Decided On March 31, 1931
KUNHAMMAYAN Appellant
V/S
(EACHALI) NALAKATH KUNHI SOW Respondents

JUDGEMENT

(1.) The suit out of which this second appeal arises was brought by plaintiff 1, as the assignee of plaintiffs 2 and 3 of their jenm rights under Ex. B and of their rights under the marupat Ex. A, to recover the suit property which is a shop from the three defendants or whichever of them who may be found by the Court to be in possession. To understand the position of the other defendants in the case we must go to the earlier history of the Cheeramoolayil Pookkoth tarwad of which defendant 2 is now the karnavan. The suit property originally belonged to one Kutti Acha, a member of the Cheeramoolayil Pookkoth tarwad and after her death it has become the property of the Cheeramcolayil Pookkoth tarwad. This was not originally admitted by the present plaintiffs, but the lower Courts have now found it and the plaintiffs do not question this finding before me now. After the death of Kutti Acha, her son Kunhikutti Ali became the karnavan of the tarwad. He died in November 1912 while on his return journey from Arabia where he had gone on a pilgrimage. So he is referred to as Hajee. Before he went on pilgrimage it would seem he was able to induce most of the adult members of the Cheeramoolayil Pookkoth tarwad to agree to a certain karar Ex. E according to which some arrangements were made. One of those arrangements was that Rs. 100 were to be paid by the tarwad to his three children by the second wife-they are the present plaintiffs 2 and 3-and his deceased son named Ammad. If the Rs. 100 are not to be paid within six months after his death, the suit property was to vest in the children as their property.

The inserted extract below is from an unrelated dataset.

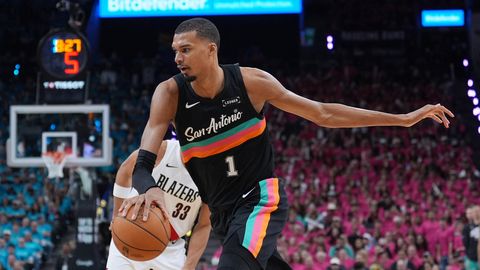 Francijas fenomens Vembanjama izpelnās augstu pagodinājumu un labo divus NBA rekordus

(2.) To this arrangement most of the adult members of the tarwad agreed. One of such agreeing members is the present defendant 2 who was then an anandravan of the tarwad but now karnavan of the tarwad. After Kutti Ali's death, the succeeding karnavan was one Kunhi Ali. It does not appear that he did anything to pay the Rs. 100 within six months. It looks as if he was willing that the suit property or shop should vest in the present plaintiffs 2 and 3. His conduct also supports to some extent the propriety of the arrangement made by the Hajee. After him, one Pookkoth Sow was the succeeding karnavan. It does not appear that Sow did anything either to question the validity of the karar or help the plaintiffs right under the karar. It is said Suit No. 505 of 1915 was filed to question the karar by some of the members of the tarwad, but the papers connected with it are not filed and therefore we may ignore that suit. Another suit, 512 of 1915, also filed by some of the junior members of the tarwad, ended in a compromise, Ex. 2, according to which the provision in favour of plaintiffs 2 and 3 was made not binding on the tarwad. But this compromise cannot bind plaintiffs 2 and 3 because they were not parties to it and it was a collusive compromise between the members of the tarwad. Kunhi Ali was defendant 1 in that suit. From Ex. 2 it does not appear that he was even a party to the compromise. The property itself was held originally by one K. Ammad under a marupat executed to Kunhi Kutti Ali dated 11 July 1912, Ex. 5.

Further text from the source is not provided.